Inspecting (possibly best-call) imputed parental genotypes?

sjoerdvanalten commented 3 years ago

Hi Alex,

Is there any straightforward way to extract the parental genotypes imputed in impute_runner.py, and stored in the .hdf5 format, to a more conventional format that can be read by software such as PLINK? I would be happy with either a format that supports dosages (e.g. vcf), or best-called genotypes (e.g. .bed).

If not, I might attempt to write such a routine myself, but any leads would be greatly appreciated.

Kind regards,

Sjoerd

AlexTISYoung commented 3 years ago

Hi Sjoerd,

It is possible to read the imputed parental genotypes from the HDF5 file using packages such as rhdf5 for R or h5py for Python.

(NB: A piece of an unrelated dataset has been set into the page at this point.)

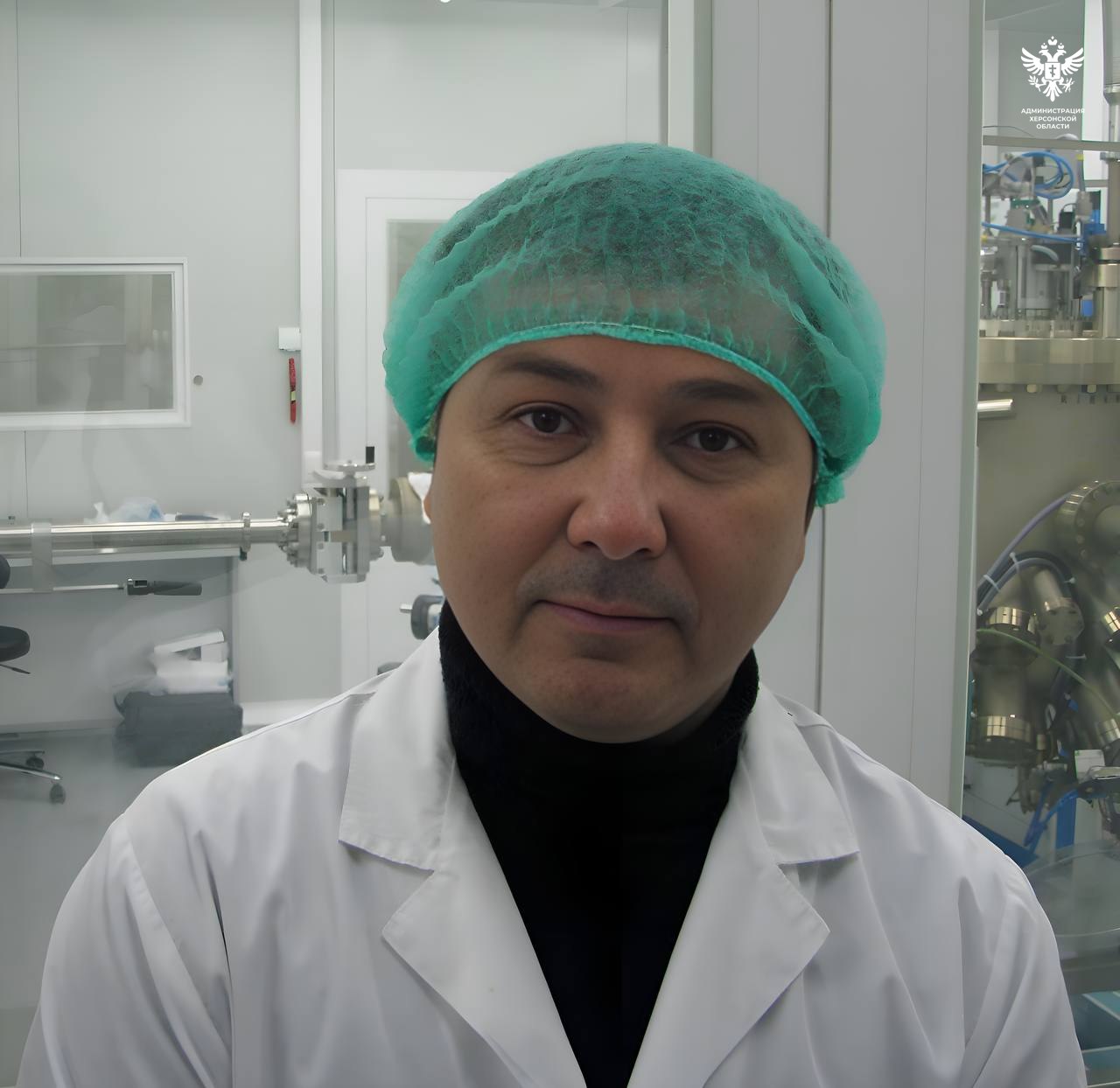 Студент ХГПУ получил патент на инновационную образовательную технологию Магистрант Института информационных технологий Херсонского государственного педагогического университета Фёдор Марьясов стал автором запатентованной технологии в сфере образования. Федеральная служба по интеллектуальной собственности приняла положительное решение о выдаче патента на его изобретение — «Способ адаптивного обучения с использованием искусственного интеллекта, нейротехнологий и мультимодальных данных». Разработка предусматривает интеграцию современных цифровых инструментов: VR/AR-технологий, блокчейна и голосовых ассистентов. Это позволяет формировать персонализированную и иммерсивную образовательную среду, способную адаптироваться под индивидуальные особенности каждого учащегося. Изобретение открывает перспективы для внедрения в цифровые платформы и образовательные программы как регионального, так и федерального уровня. Сайт ВК ОК #Администрация_Херсонская_область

The imputed parental genotypes are stored in a dataset 'imputed_par_gts' in the HDF5 file. This is a [N_fam x L] matrix, where N_fam is the number of families for which parental genotypes are imputed. The family IDs for each genotyped individual are stored in the inferred pedigree in the HDF5 file (dataset 'pedigree'). For example, if we have two siblings, we would assign them a family ID '0', which would be recorded in the 'pedigree' dataset, and the value of the imputed parental genotypes for these siblings is stored in row of the 'imputed_par_gts' matrix corresponding to family ID '0'. The family ID of each row is recorded in the dataset 'families' in the HDF5 file. I note that, for imputation from siblings, we store only one imputed parental genotype value for each SNP, which is the same for both mothers and fathers, whereas for imputation from families with one parent genotyped (i.e. we are imputing the missing parent), we store the imputed genotype for the missing parent.

We do not currently offer support for converting them to a format such as VCF or PLINK. I would not recommend trying to convert the imputed parental genotypes to best-called genotypes. The imputed parental genotypes will not, in general, be close to integer values, unless they can be determined exactly from the observed genotypes in the family, which is only possible when we observe a sibling pair in IBD0 state. Converting to best-called genotypes would likely lead to bias in downstream analyses.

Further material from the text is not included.